**DATA FOR ANALYSIS:**
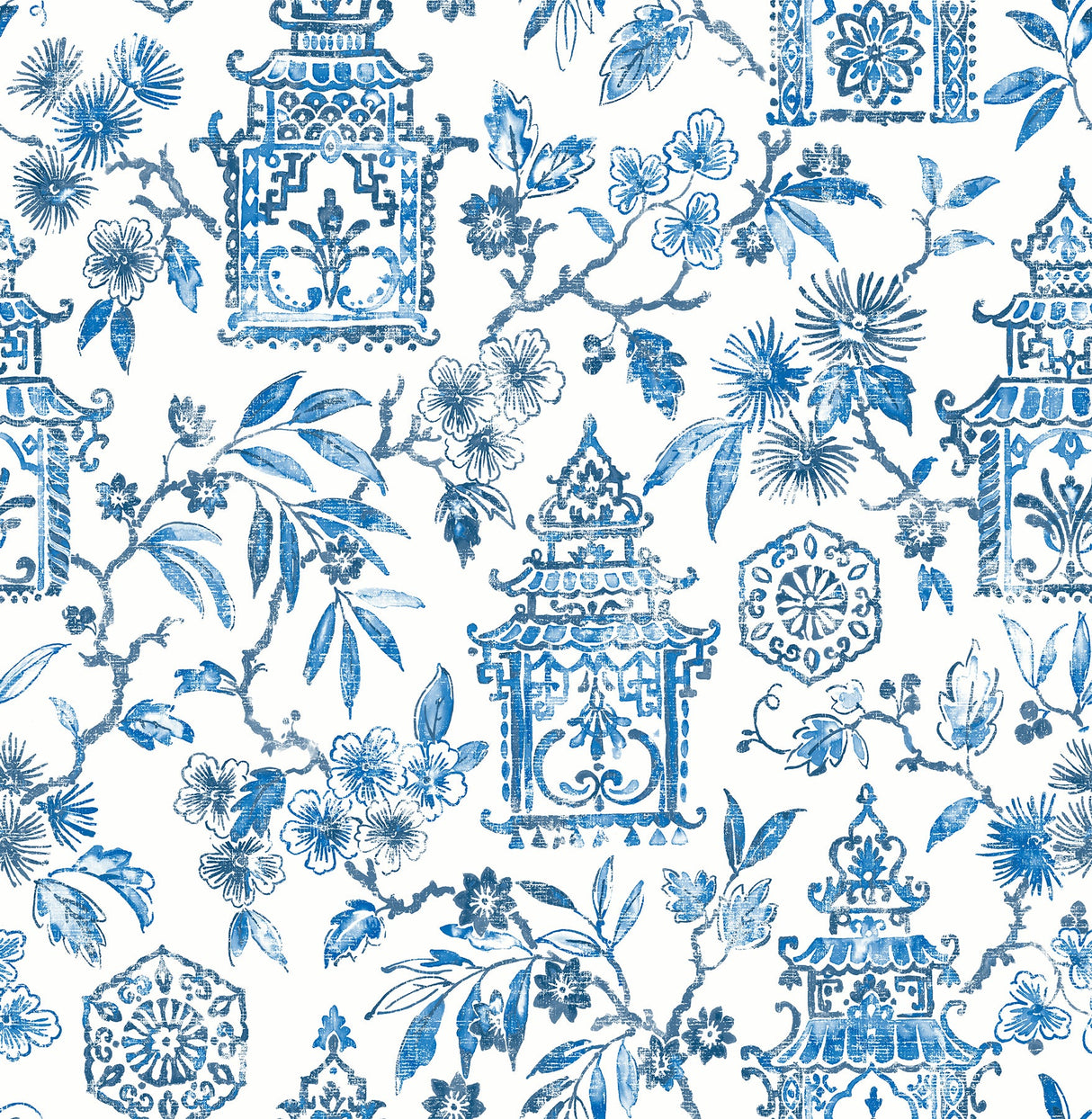 A-Street Prints 4081-26310 Helaine Blue Pagoda Wallpaper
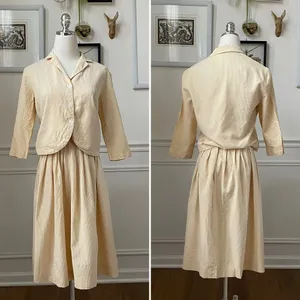 Vintage 50s Yellow Seersucker Stripe Blouse Skirt Outfit Mix and Match XS thumbnail 2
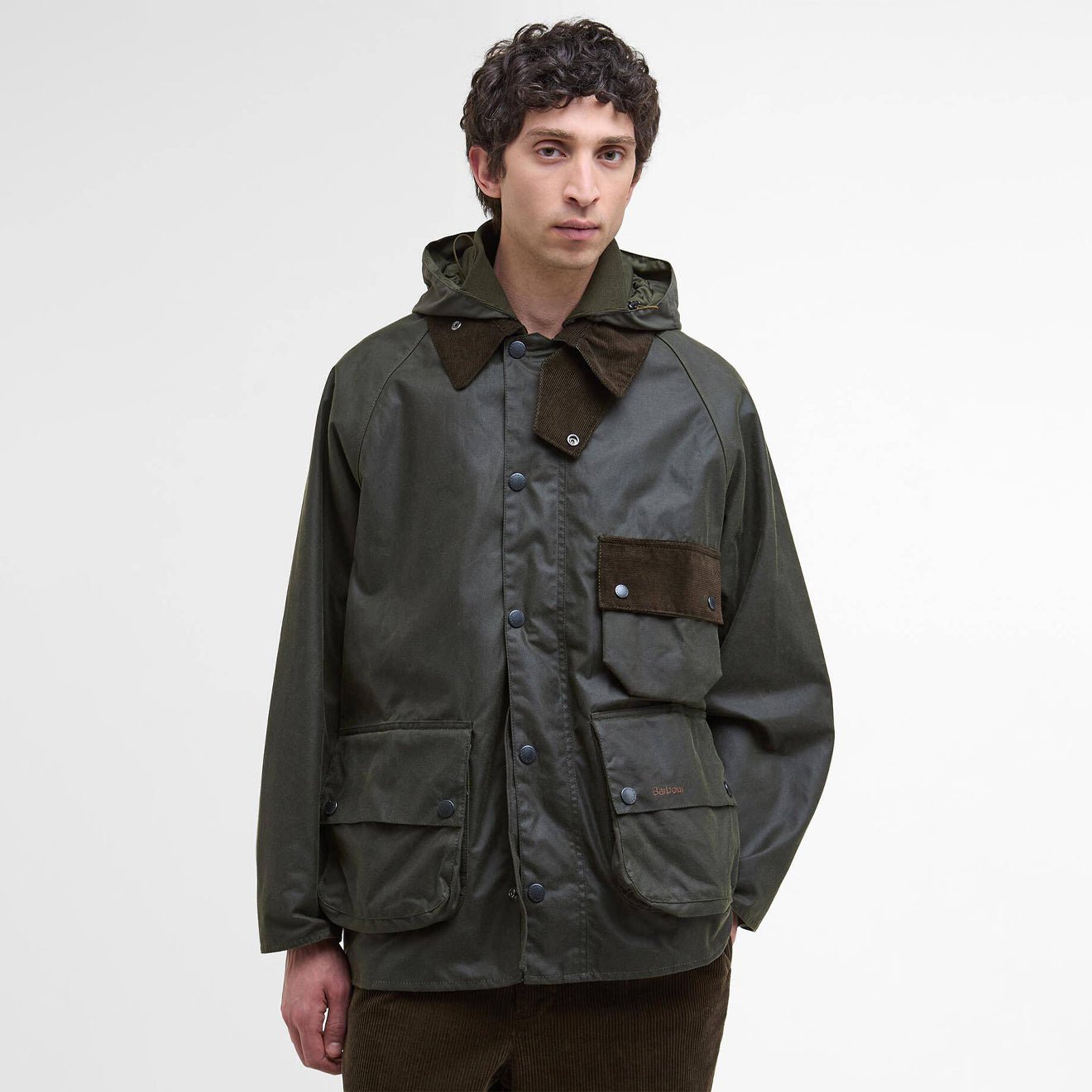 Barbour Modified Solway Waxed Jacket Olive - The Sporting Lodge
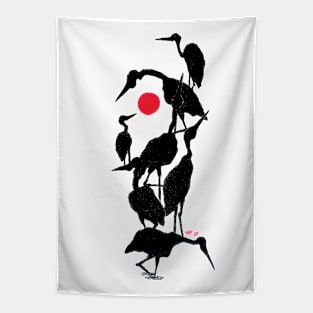 HERONS AND RED SUN Tapestry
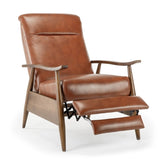 Sarasota Wood Arm Push Back Recliner - Caramel B050P281016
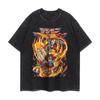Anime Digimon American Street Washable Short-sleeved T-shirts for Men and Women Cartoon Round-neck Loose Retro Couple Tops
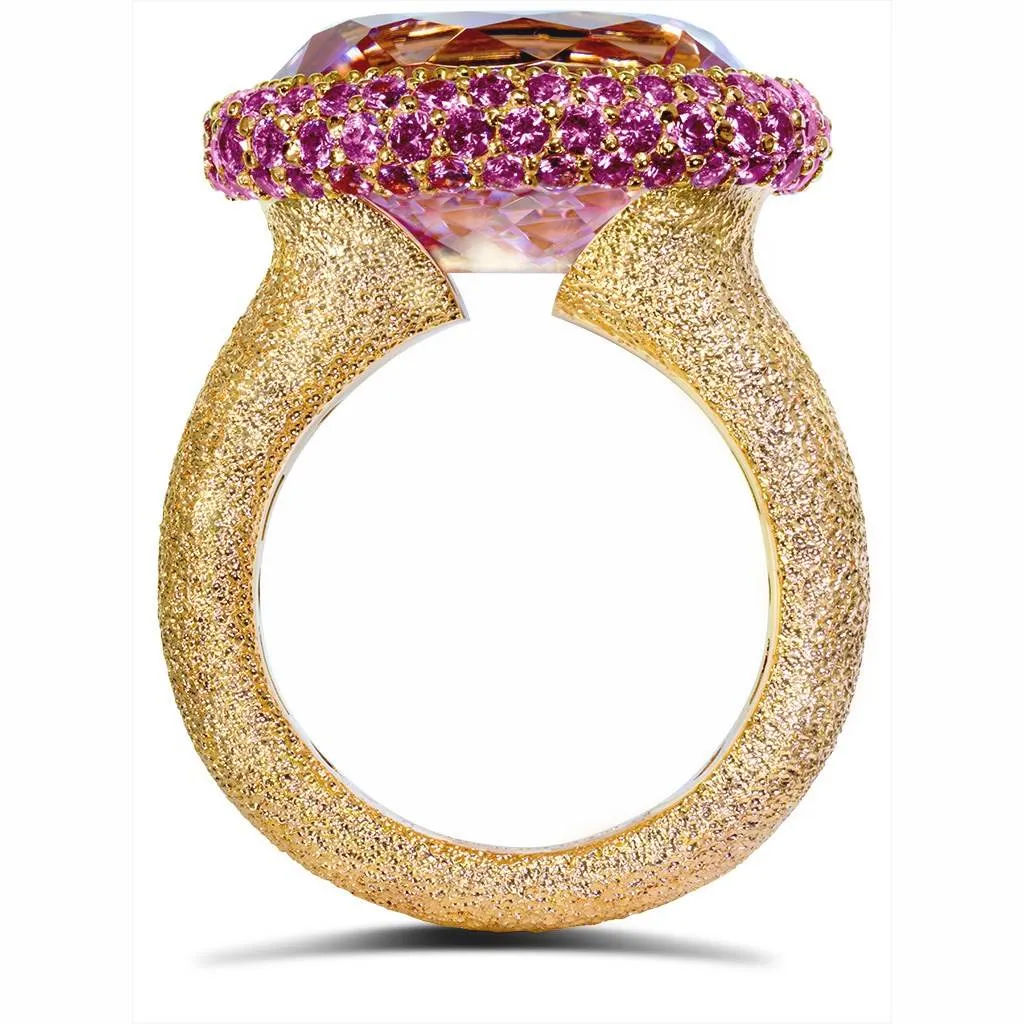 Gold Cocktail Ring with Kunzite & Pink Sapphires
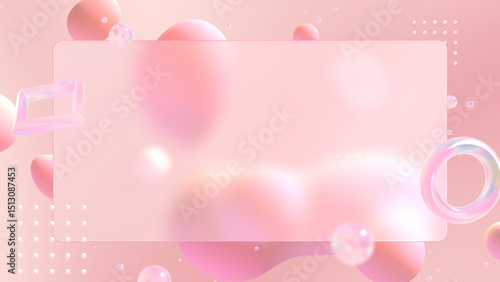 四角いガラスのコピースペースがあるグラスモーフィズム風の立体空間 - ピンク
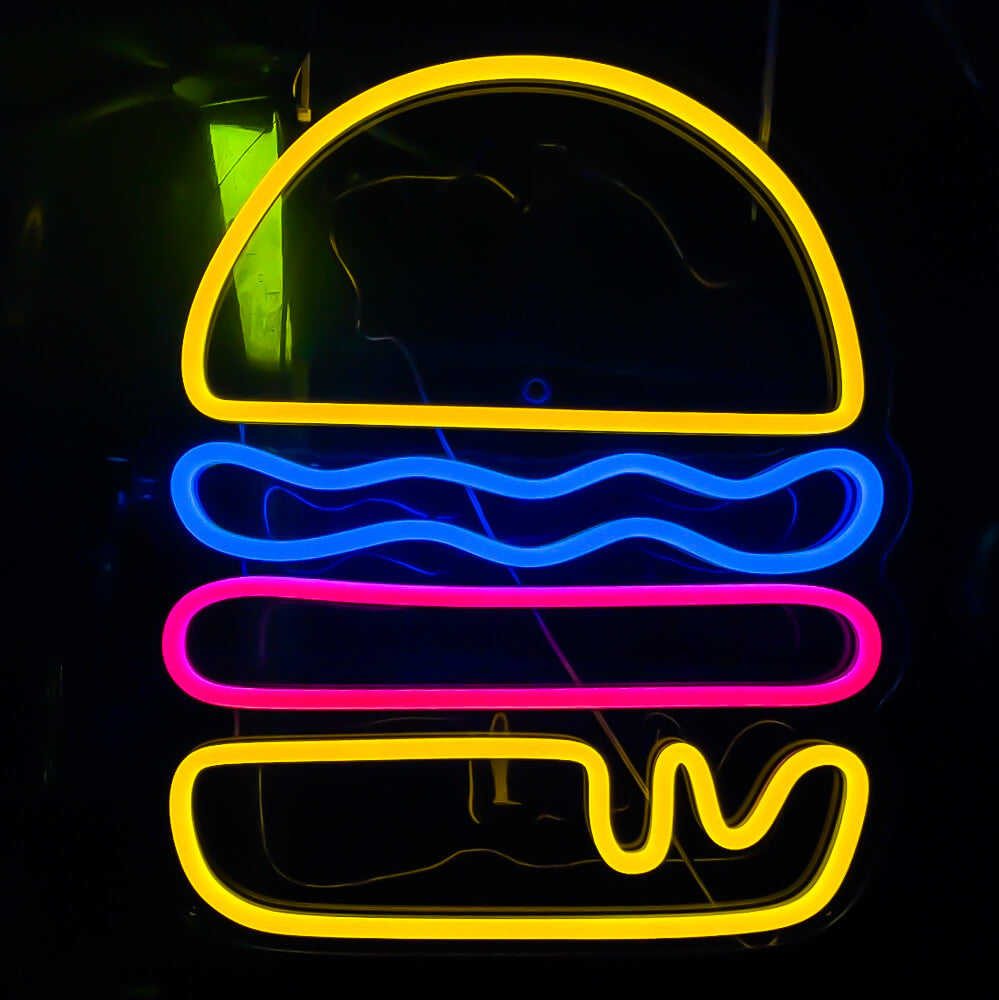 multicoloured burger neon sign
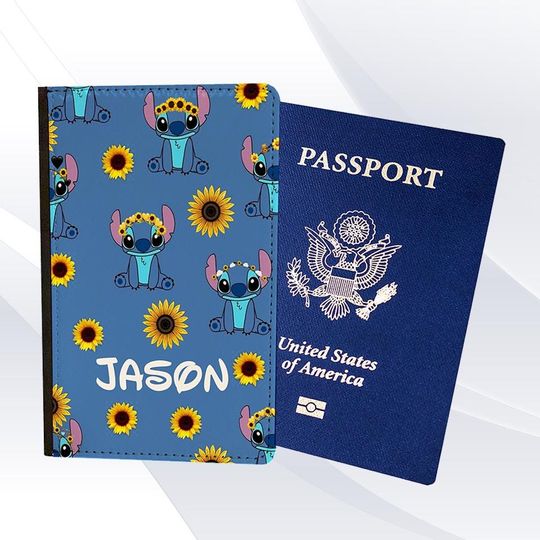 Cute Stitch Sunflowers Passport Holder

**WHAT THE TASK REQUIRES:** Exactly the lines from the one that contains "Sarasota Wood Arm" to the last line of the data, both included, should be set down, and no pictures should appear among them.

**WRITTEN SOLUTION:**
 Sarasota Wood Arm Push Back Recliner - Caramel B050P281016
Anime Digimon American Street Washable Short-sleeved T-shirts for Men and Women Cartoon Round-neck Loose Retro Couple Tops
 Gold Cocktail Ring with Kunzite & Pink Sapphires
 四角いガラスのコピースペースがあるグラスモーフィズム風の立体空間 - ピンク
 multicoloured burger neon sign
 Cute Stitch Sunflowers Passport Holder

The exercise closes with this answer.